Assignment: Transcribe, starting at the line with "水产鱼虾饲料膨化机玉米粉骨粉饲料膨化机宠物狗粮猫粮制作机" and ending at the line with "Toyota Highlander, 2026", every line of the material below exactly, but leave out the pictures and anything outside that span.

Source data:
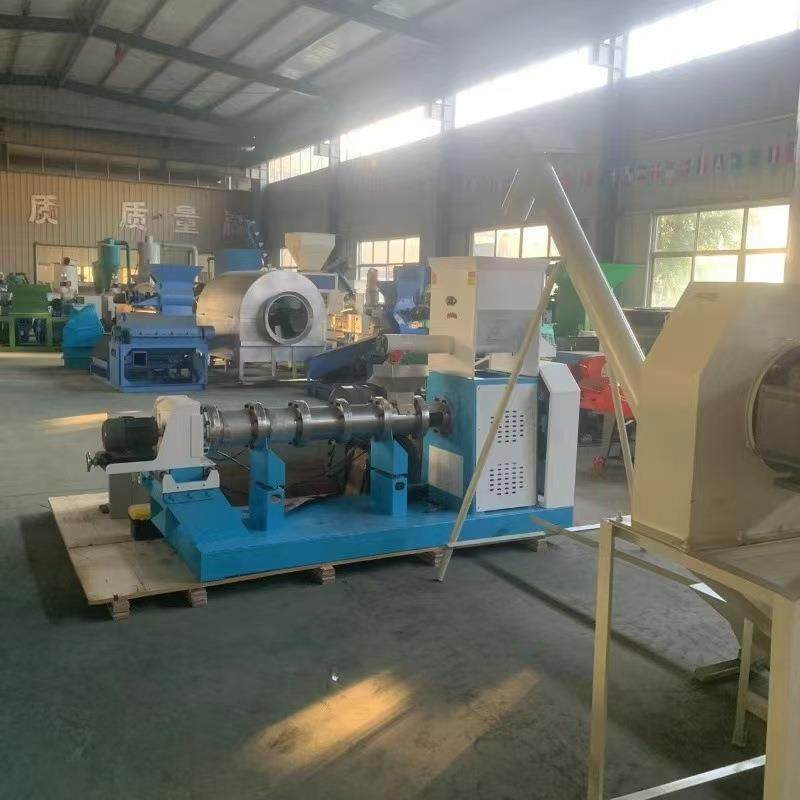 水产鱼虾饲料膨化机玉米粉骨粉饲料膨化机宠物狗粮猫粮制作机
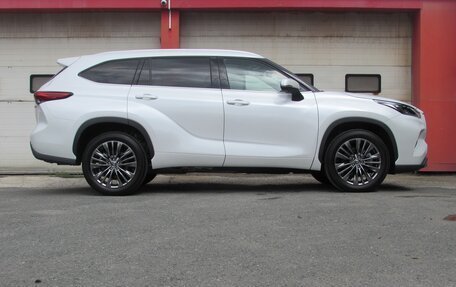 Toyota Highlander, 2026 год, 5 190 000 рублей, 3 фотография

---

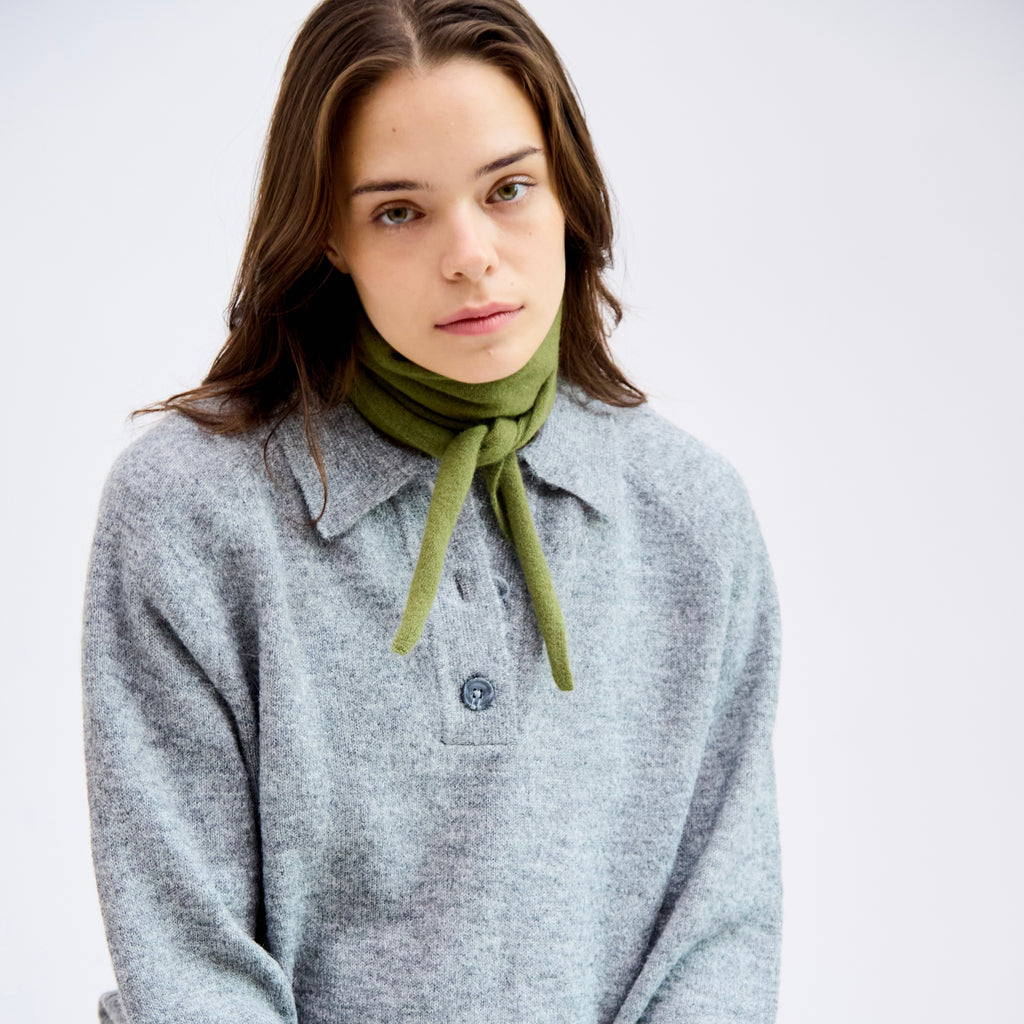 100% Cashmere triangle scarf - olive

Written response:
 水产鱼虾饲料膨化机玉米粉骨粉饲料膨化机宠物狗粮猫粮制作机
 Toyota Highlander, 2026 год, 5 190 000 рублей, 3 фотография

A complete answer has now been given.